2. Le passage des archives papier aux archives digitalisées permet notamment un accès beaucoup plus simple et plus rapide que par le passé pour enquêter. Il s’ensuit que des informations provenant d’articles déjà anciens sont aisément portés une nouvelle fois à la connaissance du public, et souvent sans réexamen. Pour les journalistes, cela signifie qu’il leur incombe lors de leurs recherches d’examiner leurs sources d’un œil critique et de faire confirmer les informations de divers côtés. Tout cela pour prévenir de recycler sans vérification de fausses informations. Cette responsabilité ne peut incomber aux archivistes.

Quant aux articles archivés, la question suivante se pose d’un point de vue déontologique: comment s’assurer que des journalistes effectuant leurs recherches puissent aussi prendre connaissance des modifications ou des droits de réponse accompagnant le cas échéant un article? Et qu’en est-il, concernant les archives digitales, du «droit à l’oubli» et d’une volonté de réactualiser après coup? Quelles sont les obligations déontologiques faites aux journalistes, aux rédactions et aux archives électroniques gérées à leur demande?

Déontologiquement, ces questions relèvent d’abord des chiffres 5 (rectification) et 7 (protection de la personnalité) de la «Déclaration». La rectification est traitée ci-dessous en même temps que le droit de réponse au chiffre 3 des considérants. Par analogie, la rectification a posteriori des archives tombe également sous l’obligation de rectifier (considérant 4). La protection de la personnalité est concernée par l’identification et l’anonymat (directive 7.2 relative à la «Déclaration»; considérant 5) ainsi que le «droit à l’oubli» (directive 7.5 de la «Déclaration»; considérant 6).

3. a) Le chiffre 5 de la «Déclaration» impose aux journalistes le devoir de «rectifier toute information publiée qui se révèle matériellement inexacte». Conformément à la directive 5.1 relative à la «Déclaration» les journalistes assument spontanément cette obligation de rectifier. Cette rectification n’est pas liée à une forme déterminée (prise de position 50/2008). Néanmoins le Conseil de la presse a souligné dans la prise de position 38/2010 que la rédaction devait dans sa mise au point faire apparaître clairement aux lecteurs qu’une publication antérieure contenait de fausses affirmations de faits.

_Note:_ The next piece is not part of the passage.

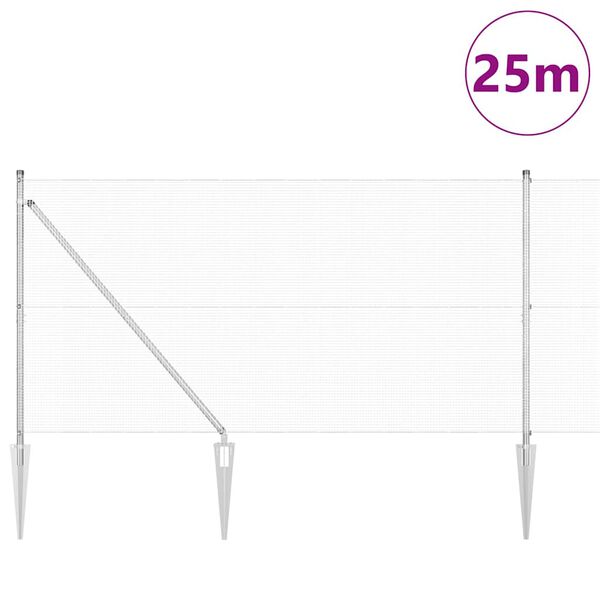 vidaXL Poste de Cerca Prateado 25 x 1,2 m (malha de 12 x 12 mm) A&ccedil;o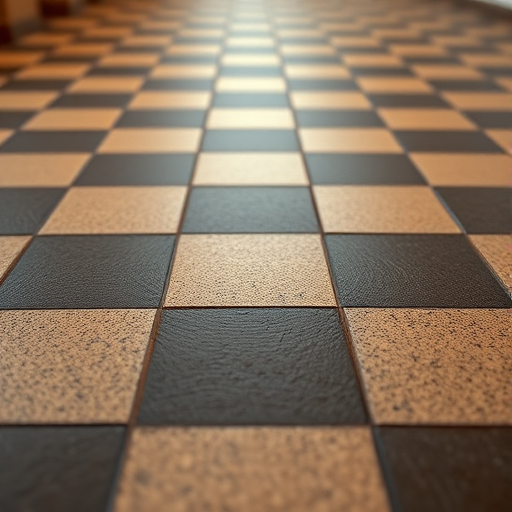 Generate a high-resolution image of a textured checkerboard floor with a focused perspective, using a Canon EOS R5, f/8 aperture, ISO 100, 24mm lens, shot from a low angle to emphasize the pattern and detail.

b) Dans les articles d’actualité des médias on line, il suffit, aux yeux du Conseil de la presse, d’observer les principes élaborés pour les médias traditionnels. S’agissant de rectifications importantes, dépassant la seule correction d’imprécisions ou de faits sans signification pour la compréhension du public, les rédactions devraient de préférence joindre une mention complémentaire et non seulement réécrire la version précédente. En effet, l’utilisateur ne perçoit pas une correction comme telle en fonction de la seule date de la dernière actualisation.

c) Pour l’information du public, aussi bien qu’en vue de quêtes journalistiques ultérieures, il est indispensable de lier rectifications et droits de réponse aux articles d’origine, comme le Conseil de la presse l’exigeait déjà dans la prise de position 46/2001. Aux dires des experts entendus, l’établissement de tels liens est tout à fait possible techniquement. Ce sont bien plus la conscience du problème de la part de la rédaction et son professionnalisme qui sont décisifs pour une application conséquente. A l’ère de l’Internet et des archives électroniques, pour être complètement respecté, le devoir de rectification exige impérativement que SMD et d’autres archives couramment alimentées soient dûment avisés des correctifs et droits de réponse ainsi que de l’exigence d’établir un lien avec l’article d’origine.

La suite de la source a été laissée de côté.